And it is now easy to see why Piketty argues that US inequality contributed to the financial instability that led to Lehman. You may disagree - but it is a compelling argument.

Related reading:

Capital in the 21st century - Piketty
Picking apart Piketty - Money Illusion

* I'll use Godley & Lavoie's sectoral balance equations to explain this if you really want me to. But I warn you I usually get them wrong.

** For the purposes of this post I am including equity investment in a general "lending" category, although strictly speaking equity investment is a purchase not a loan.

*** This is of course net investment. The US could, and did, invest overseas as well. But its net overseas investment position was negative because of the large inflows of capital from trade surplus countries. Therefore we can regard all US domestically-generated capital, together with the net capital inflow from abroad, as invested entirely within the US.

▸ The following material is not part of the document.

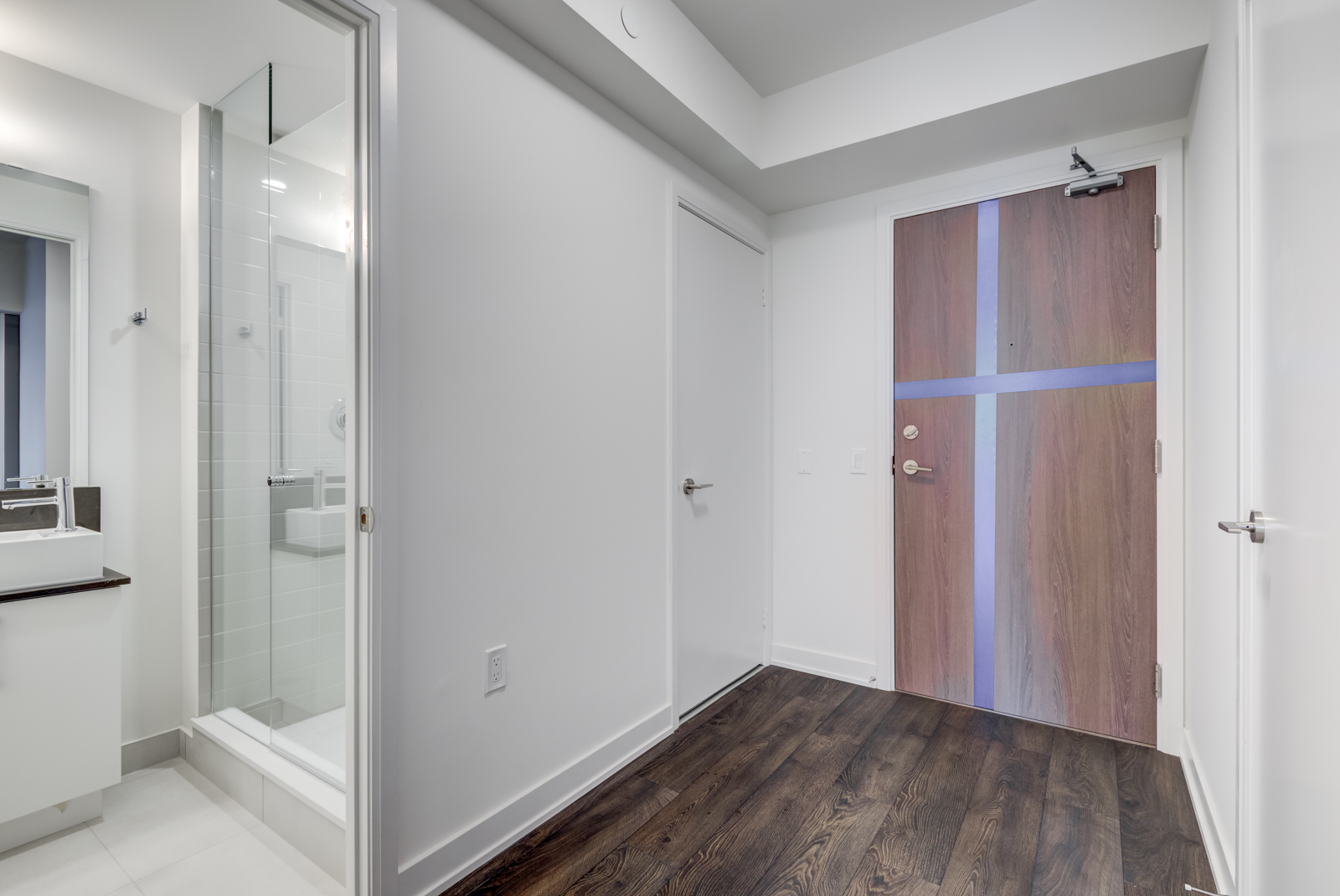 Second bathroom with open door; hallway and front entrance.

**** I'm aware that I'm departing slightly from endogenous money theory here. But from a macroeconomic standpoint it actually doesn't matter. All saving must be invested: all investment becomes saving. It doesn't matter whether you express this as saving preceding investment, or investment preceding saving. It comes to the same thing in the end.

Comments

  1. Great explanation, thank you so much! Wish we could bring your systemic view to a larger public and have us all broaden our view on how we are part of these larger dynamics.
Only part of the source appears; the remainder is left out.